L'Entretien Nº

2

Erri De Luca

Éloge de l’expérience

© Ulf Andersen / Getty Images

Montedidio est le titre d’un des plus beaux récits d’Erri De Luca, prix Fémina étranger en 2002, l’année de sa parution en traduction française. C’est aussi le nom du quartier populaire de Naples, « ville des sangs », où l’auteur a passé son enfance dans une famille bourgeoise ruinée par la guerre. Une enfance peu heureuse, si l’on excepte les étés sur l’île d’Ischia où il découvre la liberté et la beauté de la nature, « ni gratuite, ni donnée ».

Extrait

On sait que vous êtes romancier, nouvelliste, essayiste, dramaturge, traducteur de la Bible, poète, et également… alpiniste. Qu’emportez-vous dans votre sac de randonnée ?
E D L : Le minimum, le minimum possible, il faut être léger : j’essaye d’abord d’emmener le plus faible poids de mon corps.

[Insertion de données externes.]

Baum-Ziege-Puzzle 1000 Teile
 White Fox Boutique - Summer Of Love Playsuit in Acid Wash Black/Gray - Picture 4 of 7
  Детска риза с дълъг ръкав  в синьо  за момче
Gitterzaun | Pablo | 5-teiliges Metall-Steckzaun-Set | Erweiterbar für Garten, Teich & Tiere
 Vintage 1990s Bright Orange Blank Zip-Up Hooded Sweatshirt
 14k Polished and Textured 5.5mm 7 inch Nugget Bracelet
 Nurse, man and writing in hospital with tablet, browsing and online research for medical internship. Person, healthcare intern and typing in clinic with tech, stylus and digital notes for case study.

Bah, vous n’êtes pas si gros !
E D L : Non, j’ai adapté mon corps à cette pratique de la liberté, au fait de vivre à l’air libre, de gravir les montagnes.

Votre corps s’est modifié progressivement ?
E D L : Oui, j’étais plus costaud, plus massif avant, et dès que j’ai quitté mon métier [d’ouvrier] j’ai commencé à mincir pour affronter plus facilement les petites prises des parois.

Et petit à petit, vous avez décidé de vous attaquer à des sommets de plus en plus raides ?
E D L : C’est une curiosité que j’ai : essayer de voir jusqu’où vont les limites du corps. Et c’est étonnant de constater qu’en forçant les limites, on les fait bouger. On décide parfois de ne pas aller plus loin, de ne plus essayer de franchir les limites, mais on ne sait jamais très bien, en fait,quelles sont les limites physiques d’un homme. J’ai trouvé dans Les récits de la Kolyma de Varlam Chalamov une phrase selon laquelle l’homme serait « la bête la plus rude, la plus forte, la plus résistante qui existe au monde ». Je n’ai pas les compétences scientifiques pour le confirmer, mais à partir de ma modeste expérience, je lui donne raison.